Gli anni zero sono passati, eppure continuano le vessazioni capitalistiche, continuano le guerre, continuano i massacri sotto l’egida ora del razzismo, ora del becero guadagno. Continuano le resistenze, continuano le lotte, continua la necessità per tanti e tante di rivendicare la propria ineludibile dignità. In questi giorni siamo passati dagli sgomberi mano armata delle favelas di Rio ai massacri nazisti in Ucraina, abbiamo visto le immagini di corpi arsi vivi in regioni diverse ma evidentemente non distanti del mondo, si spara in Brasile, in Ucraina e in Palestina. E questa non è la Storia? Questo non è il tempo che continua, il capitalismo che non cessa di perpetrare la sua missione oppressiva e vessatrice nei confronti degli indigenti, dei medi e bassi strati della popolazione? Questa non è la prova che dopo Genova ha avuto ragione chi si è rimboccato le maniche e non chi ha pianto la fine di tutte le speranze? Non è forse da parte di tanti moralisti l’ennesima occasione per rimuovere l’evidente attualità della lotta di classe? Questo più o meno consapevole rifiuto di guardare in faccia la realtà, non è forse un rimosso tutto borghese di fronte alla contemporanea ed attuale efferatezza dei nostri nemici? Noi crediamo che chi oggi si rifiuta, argomentando come crede, di mostrare a sé e agli altri cosa sono Israele e la sua forza distruttrice, continua ad avere la coscienza sporca, la falsa coscienza di chi costringe sé e gli altri a negarsi e a negare la continua violenza del capitalismo. Costoro fanno della propria pigrizia e borghese sfiducia la teoria della neutralità, la teoria del rifiuto di un imperativo storico: continuare ad essere partigiani. Partigiani palestinesi.
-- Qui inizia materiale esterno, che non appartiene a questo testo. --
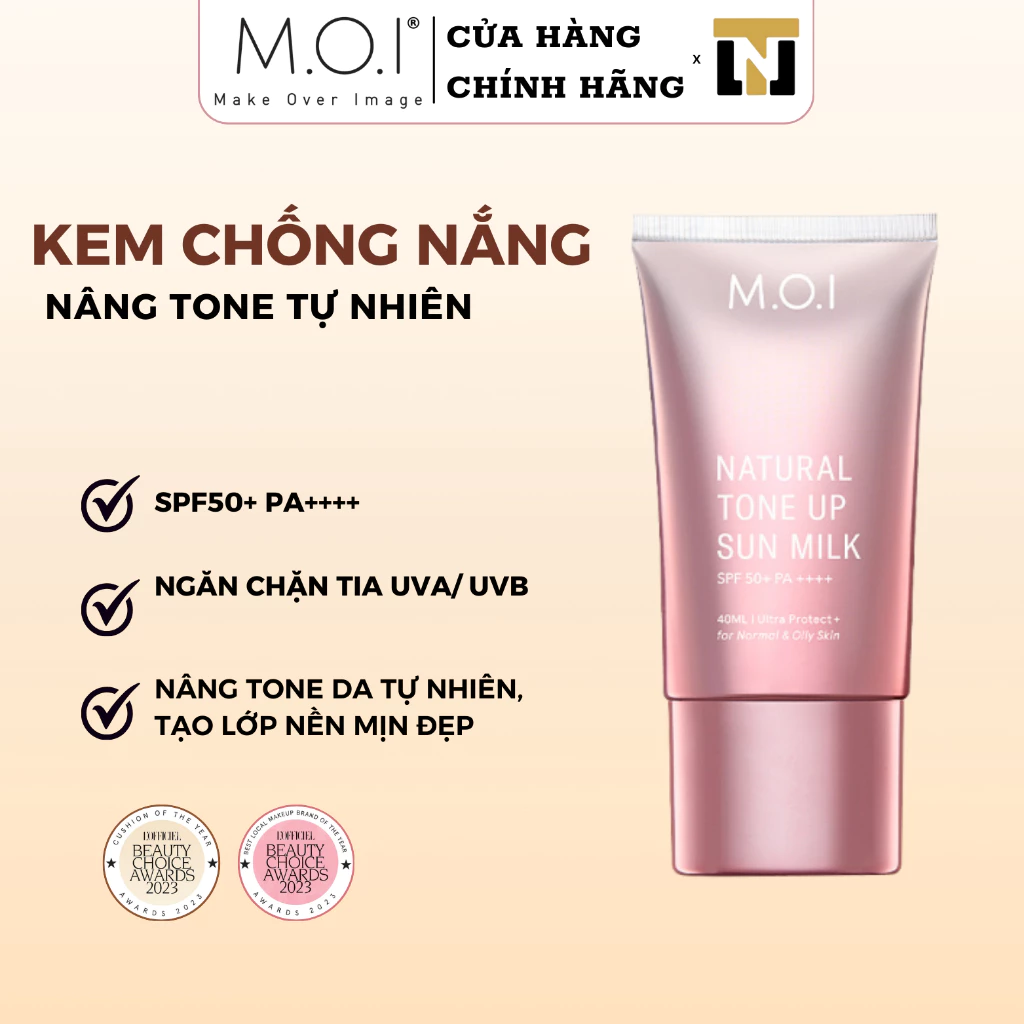 Kem chống nắng M.O.I Cosmetics Natural Tone Sun Milk SPF50+ PA++++ 40ml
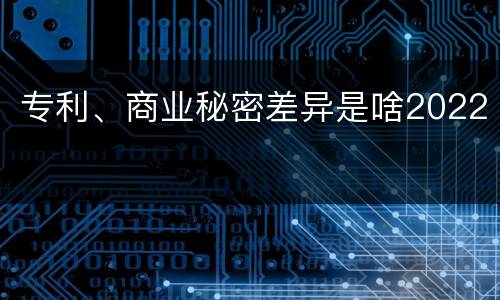 专利、商业秘密差异是啥2022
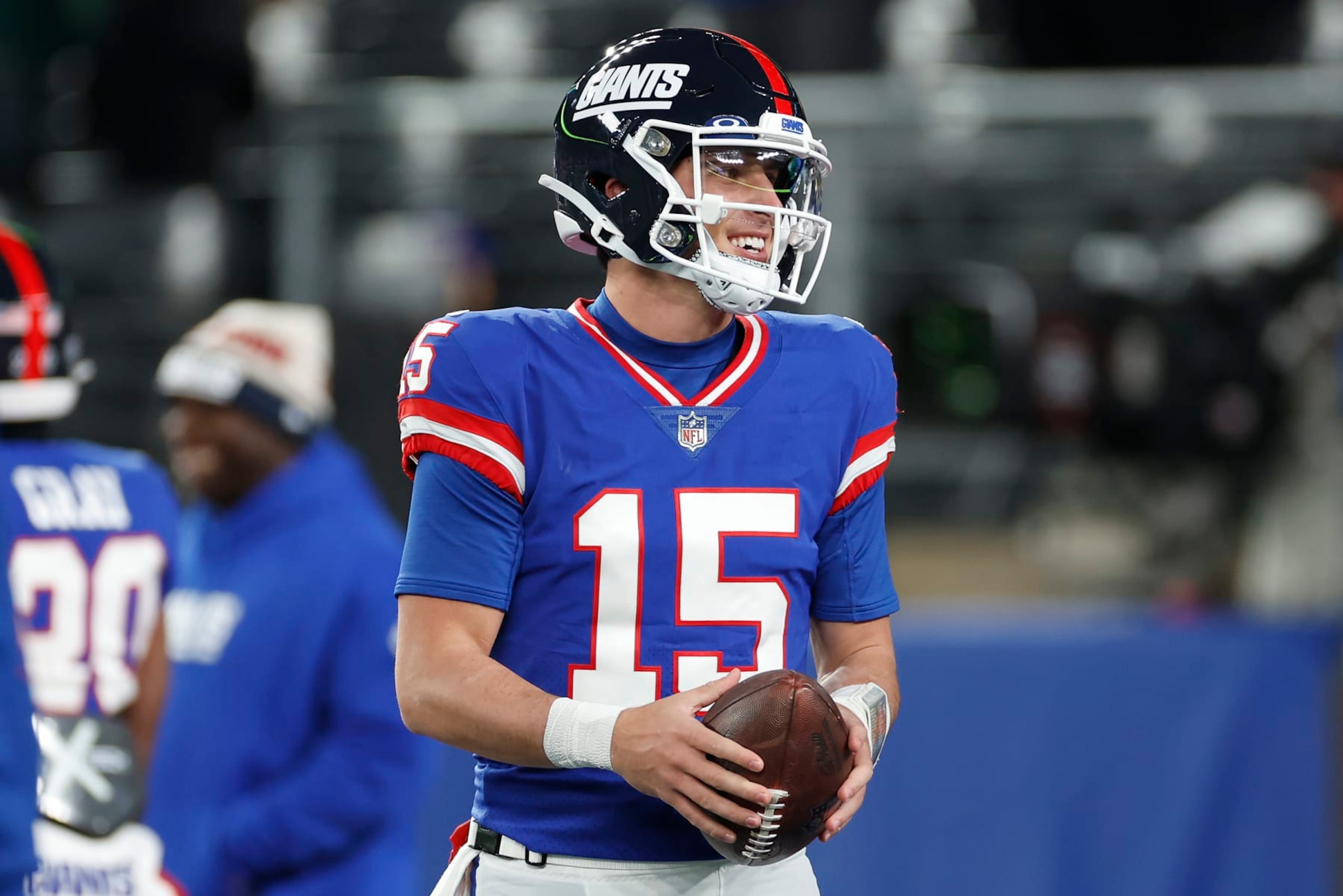 EAST RUTHERFORD, NEW JERSEY - DECEMBER 11: Tommy DeVito #15 of the New York Giants warms u prior to the game against the Green Bay Packers at MetLife Stadium on December 11, 2023 in East Rutherford, New Jersey. (Photo by Sarah Stier/Getty Images) EAST RUTHERFORD, NEW JERSEY - DECEMBER 11: Tommy DeVito #15 of the New York Giants warms u prior to the game against the Green Bay Packers at MetLife Stadium on December 11, 2023 in East Rutherford, New Jersey. (Photo by Sarah Stier/Getty Images)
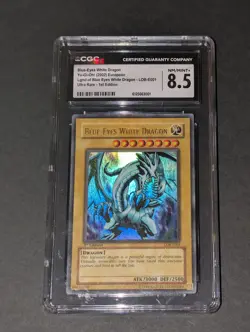 Yugioh Blue Eyes White Dragon LOB-E001 1st Edition CGC Grade 8.5 Near Mint Pop 1 - Image 3
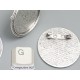 30mm round bezel setting, with Brooch pin, vintage style, ant. silver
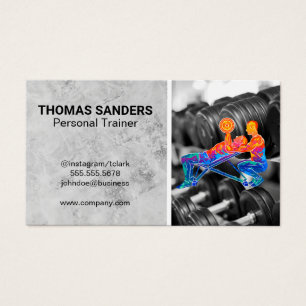 Farbiges Logo für Personal Trainer Dumbells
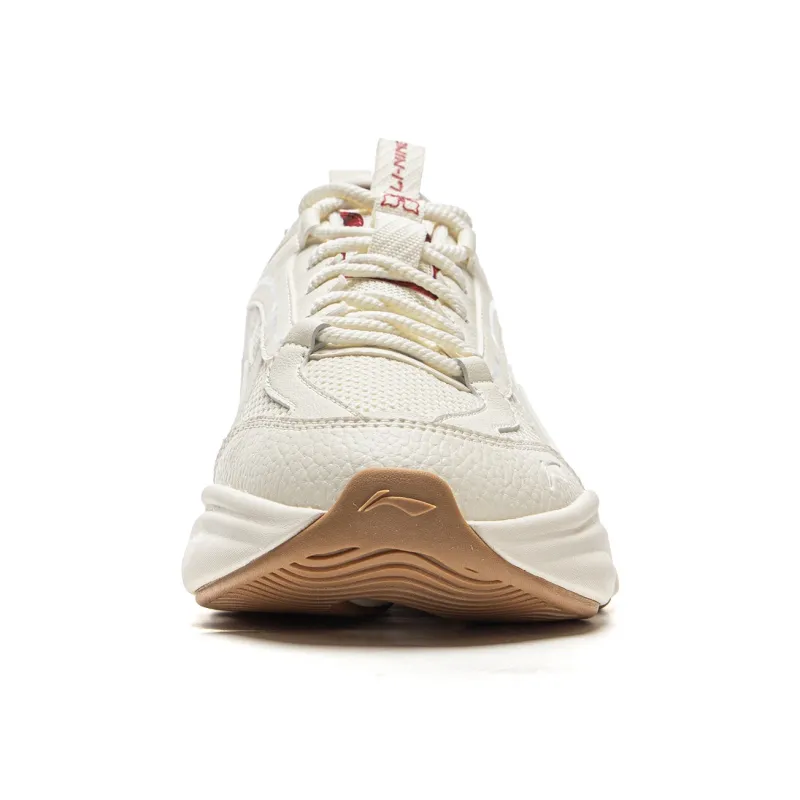 LiNing Coconut Milk Cushioning, Slip Resistant, Abrasion Resistant Support Low Top Casual Shoes Men's White Red-4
Per noi restare umani significa continuare a lottare nei nostri territori contro tutte le oppressioni, significa sostenere la giusta resistenza del popolo palestinese, boicottare tutto ciò che porta il sanguinoso timbro sionista, significa riempire i canali della contro informazione con l’evidenza di un massacro tale da ridestare lo sdegno, da far maturare l’odio per gli occupanti in Palestina, tale da diffondere il sano disgusto per ogni sterminio imperialista, per ogni genocidio perpetrato dai capitalisti.